Thursday, March 29, 2012

DW

Scott and I were talking last week, and we have kind of hit a mile marker of sorts - we have become "disease-weary".  DW.  

We had come to the place of not wanting to analyze every nose bleed, or every little rash that pops up, or sore shin bones (it's because I am such an awesome *runner* on that treadmill for *one-half-mile* every day it appears).  We were tired of trying this drug, that drug, what worked last week, what do you think will work this week?  If carbo made you want to jump out the window the second time you had it, and then steroids seemed to help it a little bit, and you only wanted to jump through the window the third time you had it - what should we plan on for next time? 

On and on and on and on - the analysis of "what could make it better" or "what was going on" or "should we be concerned over this" just never stopped.  Something new and weird popped up every day it seemed, and it is not only taxing on the body going through it, it is taxing on the body trying to help. 

There is scads of information out there that I cannot process in my chemo brain state of mind.  So we take copious notes when meeting with my doctors, nurse managers, nurse practitioners, etc, etc, and then go over those when it gets rough - and at times even they are a bit contradictory. 

We have been going to the Stephanie Speilman Breast Cancer Center on Olentangy River Road once a week for about two months now (the first 5 weeks were at OSU hospital) and I have not had the same chemo nurse twice.  It seemed odd to me - I like them all, they are really good at their jobs - but it was curious to me why I had not had the same nurse twice.  Then it hit me yesterday, when my study-nurse-manager Julie came in the room with the bad news - she looked like she had been put through a strainer.  She sees me and the others every week.  It looks to be a very difficult, draining job. 

I'm guessing, if the nurses don't see you more than once, it makes it much easier for them to stay in the job emotionally. 

Scott is not so lucky.  He is whipped and tired and careworn beyond his limitations, and right now I am looking for someone to mow our yard, at least until school is out.  (So if you know of a nice, cheap lawn service - let me know.  He's kind of bossy about his yard, so it's not something I want friends doing..... He used to tell me how to do it when he was down and out watching from an upstairs window......) 

Because of my germ-warfare and nauseousness, I'm not in the kitchen for anything.  He likes to cook, but he is used to my help as far as cleanup or prep goes.  He can clean and do laundry and run me to treatments, but it is a lot and still try to work, and he is weary now going on three months. 

I know how hard it all is - I took care of him for almost 6 months a few years back - only then we were traveling north to the Cleveland Clinic.  So he is the best and most supportive of all caretakers, as he has a keen memory of what it was like to feel so lousy and need so much from your significant other.   

But he is tired, I am tired and we just decided last week that we were "disease-weary". 

So yesterday when they came in and told me the blood work results, I just barely blinked.   I kind of knew it going in - I had not started to feel better after my transfusion until Monday, but was still hopeful that I was wrong. 

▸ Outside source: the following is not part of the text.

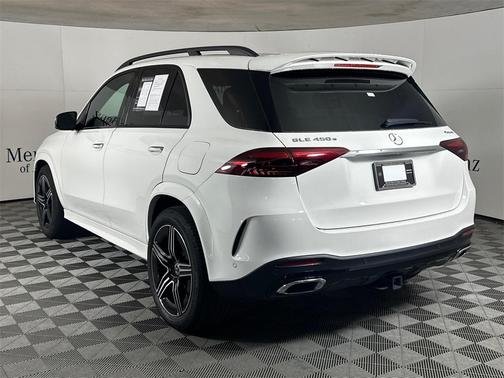 2024 Mercedes-Benz GLE 450 Plug-In Hybrid Base 4MATIC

I asked them all the right questions, gave them all the right answers - and then we packed up and left.  Scott took it much harder than me.  I was ok mostly until last night, then I sobbed.  This treatment could mean a lot a couple of months and a couple of years down the road.  I know that, but also I know that in my soul, that it's ok.  I have to work it out - pray it out - cry it out - drive out the fear every time, but then it's ok in my soul. 

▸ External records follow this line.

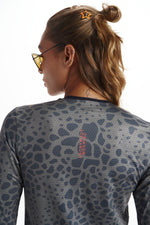 HYPER SPEED LONG TEE SNAKE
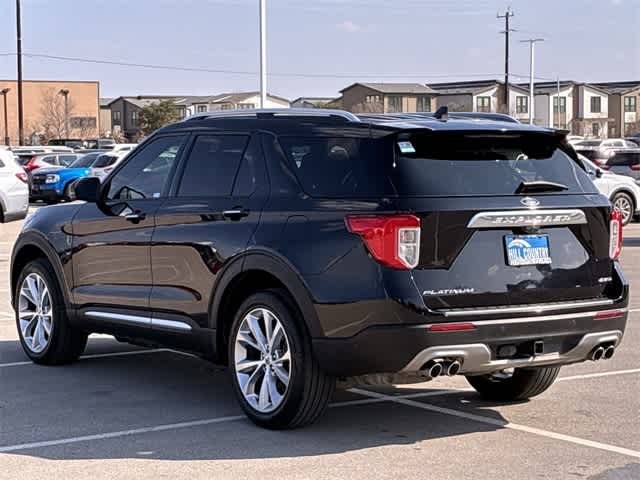 Thumbnail: 2022 Ford Explorer - 4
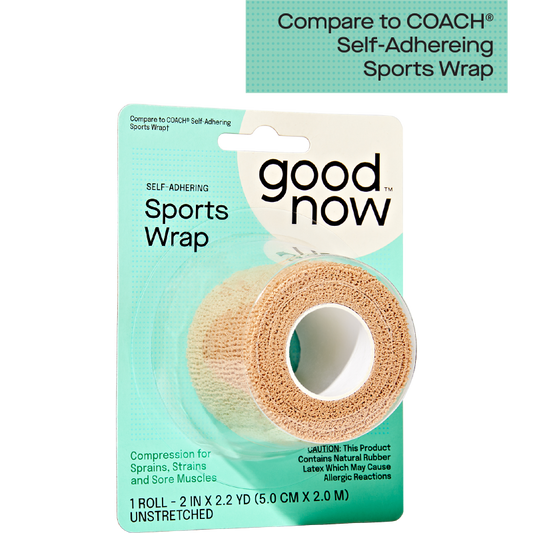 Goodnow Self-Adhering Sports Wrap 2" by 2.2yds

This week anyways.  It's a continual job. 

A friend of mine posted this on Facebook today, and I just thought I would share it.  Sometimes I think we have lost something by not knowing some of these older songs to sing in times of duress and stress.  My mom loved Johnny Cash so we had a few of his albums growing up. 

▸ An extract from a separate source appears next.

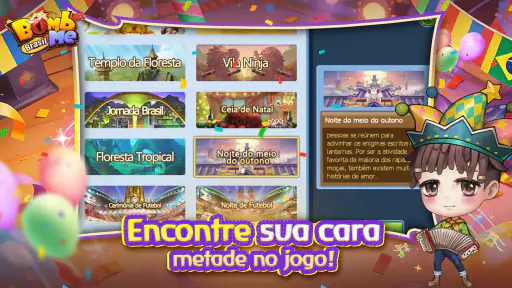 Bomb Me Brasil - Jogo de Tiro screenshot 6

And honestly, I had to laugh when I heard the lyrics - when I am on the treadmill, I *practice* smiling.  I don't want to become grim and overcome with this disease to the point where my lips cannot curl upward easily.  (I hope there are no binoculars trained on my back window - it would truly be a sight - one mostly out of shape lady hashing it out on a treadmill with a plastic smile on her face.....) 

I will walk this road a while
I will walk it with a smile
I will take it in my stride
Someday I'll be satisfied

Life is just a passing moment
On an never ending trail
Though my pathway wanders for a while
Someday my ship will sail

1 comment:

  1. We got crummy news from our tax lady today-we owe a boat load! I have to have minor surgery on my hand-we will owe a good bit on that too. Your blogs help me put these things into their proper place!! Love the song! Hope maybe I can get Bob to sing it in church. Still praying often.